00:06 Today we'll start looking into AsyncSequence
. This works like a
normal Sequence
, except elements are returned asynchronously. By writing
AsyncSequence
s, we can create abstractions of work normally done with streams
and callbacks.
00:39 To familiarize ourselves with the concept, we want to see how we
can read a large file without a spike in memory usage. For this, we've
downloaded a Wikipedia dump in the form of compressed XML. In theory, we should
be able to use AsyncSequence
to read bytes or chunks of bytes instead of
having to load the entire file at once.
01:27 By writing multiple AsyncSequence
s, we can create separate,
composable abstractions of the different operations we need, i.e. reading in
chunks of data, decompressing data, and parsing XML.
Synchronous Versus Asynchronous
01:49 We won't do this all at once. We start by reading a plain,
uncompressed XML file and counting the number of lines. Let's first do so
without using AsyncSequence
, but instead by loading the entire file into
memory. We do use an abstraction, enumerateLines
, because splitting the string
on newline characters would take too much time:
func sample() async throws {
let start = Date.now
let url = Bundle.main.url(forResource: "enwik8", withExtension: "xml")!
let str = try String(contentsOf: url)
var counter = 0
str.enumerateLines { _, _ in
counter += 1
}
print(counter)
print("Duration: \(Date.now.timeIntervalSince(start))")
}
03:37 It takes a little longer than a second to load 1.1 million lines.
Xcode's memory graph tells us the memory usage has a spike of 300 MB. This is
typically what we'd expect for this kind of technique: all 100 MB of the source
file — and sometimes even much more — need to be kept in memory.
04:47 Now, let's count the lines of the file asynchronously:
func sample() async throws {
let start = Date.now
let url = Bundle.main.url(forResource: "enwik8", withExtension: "xml")!
var counter = 0
let fileHandle = try FileHandle(forReadingFrom: url)

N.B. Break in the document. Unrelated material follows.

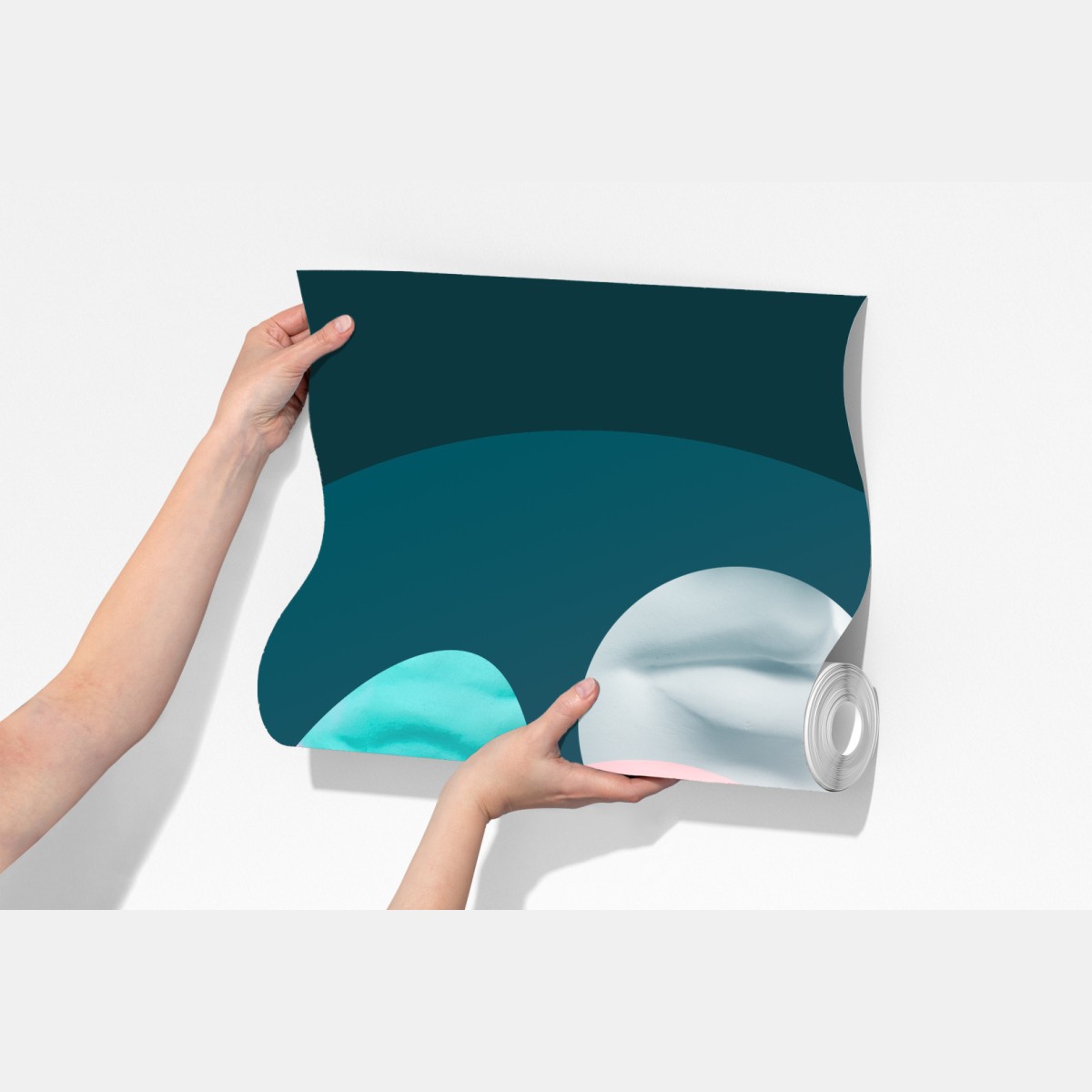 Fototapeta surrealistyczna klasyczna twarz w duotonie – Wallissimo® Fototapeta surrealistyczna klasyczna twarz w duotonie – Wallissimo®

for try await _ in fileHandle.bytes.lines {
counter += 1
}
print(counter)
print("Duration: \(Date.now.timeIntervalSince(start))")
}
05:33 This runs in half the amount of time, and it uses constant memory.
The peak is 60 MB, which means the XML file is never held in memory in its
entirety:
06:20 We have to use try await
in the loop because fileHandle.bytes
returns an AsyncSequence
of single bytes (UInt8
). The appended .lines
call
converts this sequence into a sequence of lines by iterating over the bytes,
doing some Unicode processing, and chunking the bytes between line breaks.
07:22 As we ask for more lines, the lines sequence asks the bytes
sequence for more bytes, and the bytes sequence asks the file handle to read
some more data. Because this happens in chunks, the memory usage stays constant.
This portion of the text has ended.